══ LISTED RECORDS

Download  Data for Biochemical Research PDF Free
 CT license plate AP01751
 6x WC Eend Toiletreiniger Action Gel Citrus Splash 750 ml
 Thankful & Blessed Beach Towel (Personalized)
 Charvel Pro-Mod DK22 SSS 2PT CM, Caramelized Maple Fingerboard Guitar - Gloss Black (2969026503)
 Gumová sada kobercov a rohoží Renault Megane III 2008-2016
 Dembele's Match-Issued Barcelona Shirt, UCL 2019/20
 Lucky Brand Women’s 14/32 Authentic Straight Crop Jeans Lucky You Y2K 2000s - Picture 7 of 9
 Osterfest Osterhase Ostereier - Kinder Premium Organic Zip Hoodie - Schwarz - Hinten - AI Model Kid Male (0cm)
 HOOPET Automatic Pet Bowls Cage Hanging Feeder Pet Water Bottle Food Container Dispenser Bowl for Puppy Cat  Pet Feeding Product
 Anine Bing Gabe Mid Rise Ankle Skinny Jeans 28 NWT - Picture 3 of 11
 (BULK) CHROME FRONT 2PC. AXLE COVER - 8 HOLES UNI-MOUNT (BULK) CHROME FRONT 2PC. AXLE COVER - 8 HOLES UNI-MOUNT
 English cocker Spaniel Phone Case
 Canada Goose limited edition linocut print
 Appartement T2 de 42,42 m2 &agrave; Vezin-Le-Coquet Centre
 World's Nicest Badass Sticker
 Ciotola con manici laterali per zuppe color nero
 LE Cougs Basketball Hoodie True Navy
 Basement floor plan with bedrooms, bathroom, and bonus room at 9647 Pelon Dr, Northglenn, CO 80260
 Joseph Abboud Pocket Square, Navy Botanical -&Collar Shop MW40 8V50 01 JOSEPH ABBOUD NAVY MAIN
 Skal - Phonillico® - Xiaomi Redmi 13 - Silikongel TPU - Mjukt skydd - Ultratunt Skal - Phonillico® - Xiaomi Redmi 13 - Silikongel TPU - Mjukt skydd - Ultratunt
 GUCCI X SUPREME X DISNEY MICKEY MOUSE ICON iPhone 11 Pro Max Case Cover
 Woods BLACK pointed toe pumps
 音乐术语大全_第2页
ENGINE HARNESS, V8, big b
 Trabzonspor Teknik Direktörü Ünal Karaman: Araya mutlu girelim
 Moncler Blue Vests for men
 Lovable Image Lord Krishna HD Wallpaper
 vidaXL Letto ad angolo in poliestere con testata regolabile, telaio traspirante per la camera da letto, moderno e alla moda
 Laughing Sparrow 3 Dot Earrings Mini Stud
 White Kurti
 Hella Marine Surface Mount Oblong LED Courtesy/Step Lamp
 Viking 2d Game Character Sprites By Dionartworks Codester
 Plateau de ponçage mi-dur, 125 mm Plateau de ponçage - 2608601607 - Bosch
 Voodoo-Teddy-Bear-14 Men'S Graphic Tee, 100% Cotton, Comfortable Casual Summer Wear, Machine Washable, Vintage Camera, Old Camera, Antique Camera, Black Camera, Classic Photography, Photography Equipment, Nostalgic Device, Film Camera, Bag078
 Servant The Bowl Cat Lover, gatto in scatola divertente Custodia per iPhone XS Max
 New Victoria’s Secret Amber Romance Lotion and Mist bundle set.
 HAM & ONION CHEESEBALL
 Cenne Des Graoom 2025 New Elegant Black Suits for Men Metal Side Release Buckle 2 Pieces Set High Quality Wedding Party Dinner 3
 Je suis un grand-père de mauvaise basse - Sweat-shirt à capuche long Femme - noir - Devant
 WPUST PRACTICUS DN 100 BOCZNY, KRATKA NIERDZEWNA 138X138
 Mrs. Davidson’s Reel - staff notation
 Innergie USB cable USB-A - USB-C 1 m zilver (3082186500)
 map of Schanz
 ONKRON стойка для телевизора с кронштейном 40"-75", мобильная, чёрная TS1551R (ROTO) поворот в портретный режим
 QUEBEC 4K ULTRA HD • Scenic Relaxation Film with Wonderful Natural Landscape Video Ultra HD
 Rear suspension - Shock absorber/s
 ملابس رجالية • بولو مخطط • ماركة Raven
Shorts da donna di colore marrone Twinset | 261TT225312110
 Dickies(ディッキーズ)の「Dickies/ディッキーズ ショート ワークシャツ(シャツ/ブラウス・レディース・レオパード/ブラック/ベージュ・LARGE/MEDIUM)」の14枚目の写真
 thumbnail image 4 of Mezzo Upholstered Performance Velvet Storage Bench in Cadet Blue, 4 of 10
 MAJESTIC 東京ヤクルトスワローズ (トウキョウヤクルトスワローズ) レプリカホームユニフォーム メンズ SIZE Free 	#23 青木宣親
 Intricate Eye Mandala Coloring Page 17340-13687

════

EXERCISE DESCRIPTION: Within the material above, the line with "White Kurti" opens the range and the line with "Plateau de ponçage mi-dur, 125" closes it; reproduce that range word for word.

WRITTEN RESPONSE:
 White Kurti
 Hella Marine Surface Mount Oblong LED Courtesy/Step Lamp
 Viking 2d Game Character Sprites By Dionartworks Codester
 Plateau de ponçage mi-dur, 125 mm Plateau de ponçage - 2608601607 - Bosch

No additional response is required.